Hallo KingConci,
Ich spüre Anspruchsdenken hinter Deinen Zeilen. Deshalb gestatte mir eine etwas ausführlichere Kritik. Auch weil deine Texte angenehm kurz sind und deshalb auch eine Kritik überschaubar bleibt.
Meine Vorschläge sind weniger als konkrete Verbesserungen gedacht, sondern eher als nett gemeinte Provokationen...
Meine Sicht auf künstlerische Texte (im Gegensatz zu privaten Meinungen oder Fachtexten) ist:
1. Lyrics sollten ein Wort- und Gedanken
spiel Spiel mit Meinungen sein.
2. Lyrics sollten sich um eine überdurchschnittlich hohe Anschaulichkeit bemühen.
Einerseits, weil Anschaulichkeit zur größtmöglichen gedanklichen Klarheit zwingt
Andererseits beinhalten bildliche Gedankenübertragungen (zB. Vergleiche) automatisch neben dem wirklich Gemeinten noch eine Menge ambivalenter Gesichtspunkte.
Das ist wie im Leben. Alles ist "stille Post".
Gestern schrieb ich jemandem: "Der Song überrascht mich. Die Sängerin nicht".
Darauf erwiderte mein Partner:" Schade dass sie Dir nicht gefällt".

Ich hatte aber das Gegenteil gemeint: Mein Partner hatte mich mit einer guten Leistung überrascht. Die Sängerin überzeugte mich wie immer
So gesehen sind mir die meisten Deiner Zeilen noch zu eindeutig, noch zu eindeutig EINE Meinung.
Mal einige Beispiele:
Im ersten Augenblick assoziierte ich, dass die Emotionen wie ein Landmesser etwas vermessen. Aber dann müsste es ja heißen: Emotion vermisst.
Oder man schreibt: Emotionen vermessen. Dann spielt eine neue Doppeldeutigkeit mit: "Vermessen" im Sinne von hochmütig, eingebildet, arrogant, stolz.
Oder nehmen wir:
kein leben... das ist kein leben mehr
ICH würde wohl eher schreiben: Kein Leben ist auch ein Leben. Das hielt ich für intensiver, das wäre für mich mehr Hook.
Celebrieren wir unseren Selbstbetrug
Damit machst Du Deine Fragen zu rhetorischen Fragen. Deine Spannung lässt nach. Warum den Selbstbetrug feiern?

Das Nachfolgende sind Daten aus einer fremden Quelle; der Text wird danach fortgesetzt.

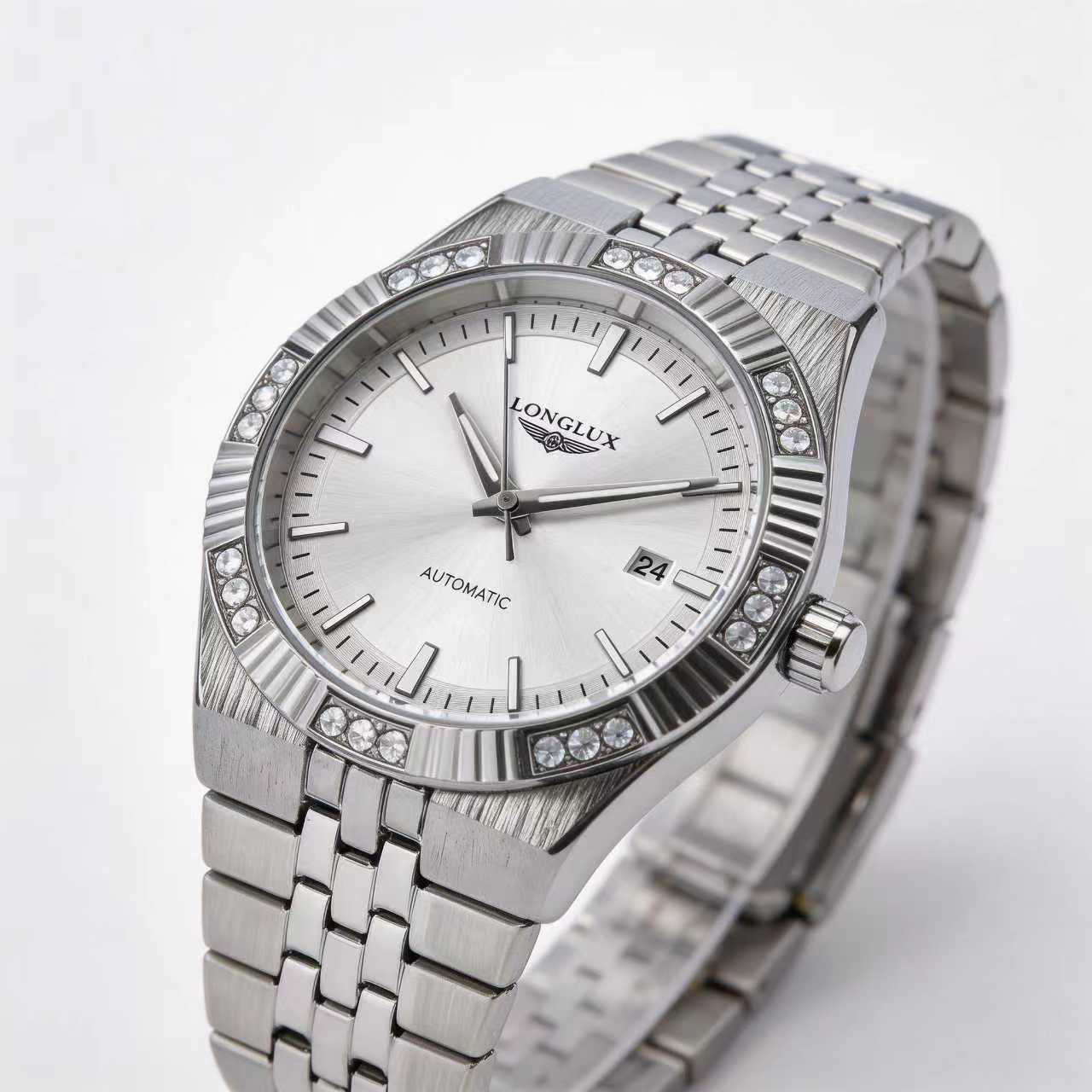 メンズ自動巻き腕時計 ビジネス ダイヤモンド付き 手頃な価格 - Patek Philippe Watch Nautilus のレビューと価格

Lass uns etwas spannenderes Feiern. Bereits " Feiern wir unsere Geburtstage" bleibt mMn in Deinem Sinne. Nur das es ein klein wenig dezenter, bescheidener daher kommt. Aber man könnte auch ganz andere Dinge zelebrieren und den sich automatisch ergebenden Doppelsinn genießen. natürlich
nur um mich zu verdeutlichen schrieb:
Selbst das gewöhnlichste Glück
ist unverkäuflich
während wir hier sitzen
Und auf den Kontostand anstoßen
Das ist natürlich noch sehr plump. Normalerweise brauche ich viele Stunden, um so ein Gedankenspiel möglichst elegant und unaufdringlich zu entwickeln. Aber vielleicht verstehst Du dennoch meinen Kritikansatz.
liebe - was ist das schon ?!?
glaubst du noch selber daran??
Hier sieht man am Deutlichsten Dein Dilemma. Deine Satzzeichen sollen Ambivalenz signalisieren. Aber Satzzeichen werden nicht mitgesungen. Also würde ich im obigen Sinne verbal die Ambivalenzen herstellen. Bereits ein "Liebe was ist das" schafft für mich mehr Ambivalenz als dein abfälliges "schon" es vermag.
nach vorn, nach vorn, nach vorn
ist eine lüge
die wir gerne
zu glauben bereit sind
Warum eine "Lüge"? Weißt Du es besser?
warum nicht etwas kleiner: "ein Stoßgebet"... "ein Kreislauf" *das gefiele mir gut*... "zwei harmlose Worte".... "die Weltformel" ...."welch göttlicher Gedanke"... "im Irrgarten, an den..." usw.
Abschließend: Noch mal zur Mehrdeutigkeit. Jeder Gedanke spiegelt sich in jedem Betrachter anders als vom Autoren gemeint. Das drängt Anfänger dazu, besonders eindeutig sein zu wollen.
Natürlich ist auch die eindeutigste Formulierung noch ambivalent. Aber wenn ich diesen Hang zur Eindeutigkeit bemerke, dann spüre ich gleichzeitig auch immer etwas Besserwisserei. Und die mag doch keiner so gern... Verstehst Du, was ich meine?
Widerspruch, von wem auch immer, ist erwünscht.